A High-Resolution TDC Design Based on Multistep Fine Time Measurement by Utilizing Delay-Adjustable Looped Carry Chains on FPGAs
Ke Cui, Jintao Yu, Jiaxuan Zou, Xiangyu Li
Abstract
High-resolution and multi-channel time-to-digital converters (TDCs) are needed in many electrical application systems. A new multi-step fine time measurement method is proposed in this work, which is based on the delay-adjustable looped carry chains to obtain both high resolution and measurement precision. Each sub-step of the fine time measurement is assigned with a different measurement resolution in the descending order by dynamically configuring the delay line length. The time residue to be measured in the following sub-step becomes smaller, so that a finer resolution can be chosen. The overall oscillation number is the summation of the oscillation number of each sub-steps. The resolution of the TDC is determined by the last sub-step. So both high resolution and small oscillation number (corresponding to high measurement precision) can be obtained.

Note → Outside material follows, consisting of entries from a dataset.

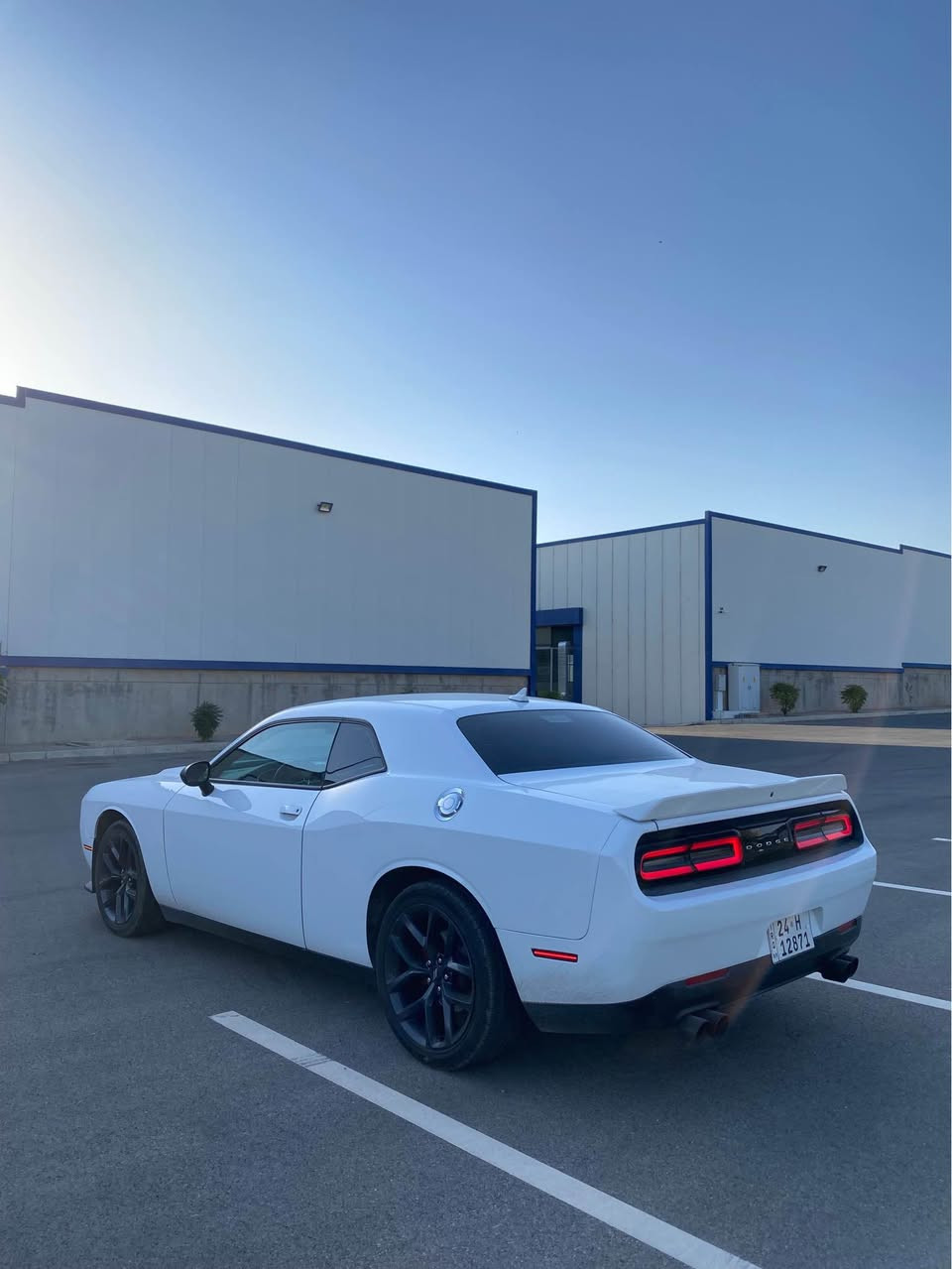 Dodge Chalnger 2018 SXT 
سيارة نظيفة 
محرك ٣.٦ - ٦ سلندر 
فول مواصفات بس بدون فتحة 
ضررها بيها صفحة صبغ هو مو صفحة كامل بس انطيك صفحة صبغ بدون دواخل و الارباكان مرجعة سستم 
سعرها بلاشش ١٤٥$ ورقـــة و مجال 
للمزيد من المعلومات اتصل على هذا الرقم 
كورك-واتساب 
(***********)
عز سميل, دهوك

The TDC circuit was implemented on Stratix III FPGA chip. Test results showed that the obtained resolution was less than 10 ps, and the measurement precision root mean square (RMS) was about 13 ps. The differential nonlinearity (DNL) error and the integral nonlinearity (INL) error were in the range of -1 least significant bit (LSB) to 1 LSB without any bin calibration. The resource cost per TDC channel includes the lookup table (LUT) cost of 1064 and register cost of 318. The obtained TDC is comprehensively good considering its low resource cost and high linearity, and it is promising for multi-channel TDC design.